Whether you work on the road or on the couch, your computer has to fit. So we've searched far and wide for your next laptop
Sony Vaio X505
around $3,000, www.sonystyle.com
We need a laptop version of Moore's Law to explain how they shrink but still pack plenty of power. Case in point: the Vaio X505, a gorgeous, nickel-carbon affair that a fashion model would tote - and carries a price tag to match.

Thanks to Intel's Centrino Pentium M processor, this fancy featherweight (less than two pounds with battery) zips through everyday computing tasks. We also like the Memory Stick mouse. But the 20GB hard drive seems a bit skimpy in this age of digital music and photography, and the absence of a modem and wireless networking will alarm the always-connected. (Sony does include an external Wi-Fi card.)

The X505 will draw admiring glances while delivering solid performance. If the economy has been very, very good to you lately, go for it.      

IBM ThinkPad X40
from $1,500, www.ibm.com
Speaking of small wonders, IBM keeps shrinking its well-respected ThinkPads. The X40, Big Blue's newest ultraportable, weighs just 2.7 pounds with the four-cell battery option. The X40's hard drive is smaller than previous models', but 20GB isn't exactly tiny. And users still get a full-size keyboard, 256MB of memory, and even a sensor that minimizes damage if the machine is dropped.
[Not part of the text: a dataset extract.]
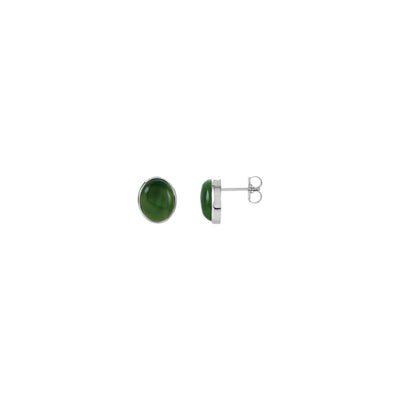 Oval Nephrite Jade Bezel Solitaire Earrings (14K) main - Lucky Diamond - New York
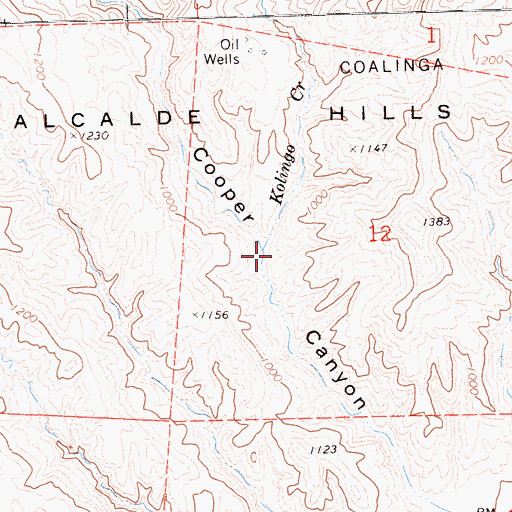 Topographic Map of Kolingo Creek, CA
Choosing the eight-cell battery stretches running time to more than seven hours (though it also stretches the weight to 3.2 pounds). Also attractive for anyone worried about crashes and viruses is IBM's Rescue and Recover utility suite. Think you're frozen out? Press the blue IBM button on the keyboard and an embedded operating system lets you access the hard drive.